Because the number of isolates in each minimum inhibitory concentration category of the antimicrobial being predicted was unbalanced even after collapsing some minimum inhibitory concentration categories, 2 balancing methods were tested to see if they improved the prediction performance of the model across all minimum inhibitory concentration categories. First, training data were oversampled so that exactly the same number of isolates were present in each minimum inhibitory concentration category. Second, a mix of undersampling and oversampling of training data was used to obtain approximately the same number of training observations for each minimum inhibitory concentration category. The original model, oversampling model, and mixed under and oversampling model were then compared, and the best-performing model on test data was selected for each antimicrobial to be predicted.

The models were also evaluated on 2 external datasets to gauge their applicability for prediction in other E coli resistance datasets.

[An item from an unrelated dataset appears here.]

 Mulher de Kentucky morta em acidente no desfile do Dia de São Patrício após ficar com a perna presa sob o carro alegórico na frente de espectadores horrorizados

The 2 external datasets used were both curated by NARMS and included either chicken-associated E coli isolates collected from raw chicken purchased from grocery stores from 2002 through 2019 or cecal samples from chicken at slaughter from 2013 through 2019 and E coli O157:H7 isolates cultured from clinically ill people from 1996 through 2023. The external datasets were first preprocessed so that the AST data were grouped into the same minimum inhibitory concentration categories used to train the model (Table 1). Also, if the year of isolate collection fell outside the training data years (2002 through 2019), then the isolate was relabeled with the closest training data year to the year of collection. The exact model accuracy (Equation 1) and accuracy within a ± 1 minimum inhibitory concentration category (Equation 2) were then determined on both validation datasets.

Code availability

R code and input data required to reproduce this analysis is available at https://zenodo.org/records/14756655.

Results

The minimum inhibitory concentration categories for each antimicrobial after data processing and the number of NARMS cattle-associated E coli isolates available for each of these categories is provided in Table 1.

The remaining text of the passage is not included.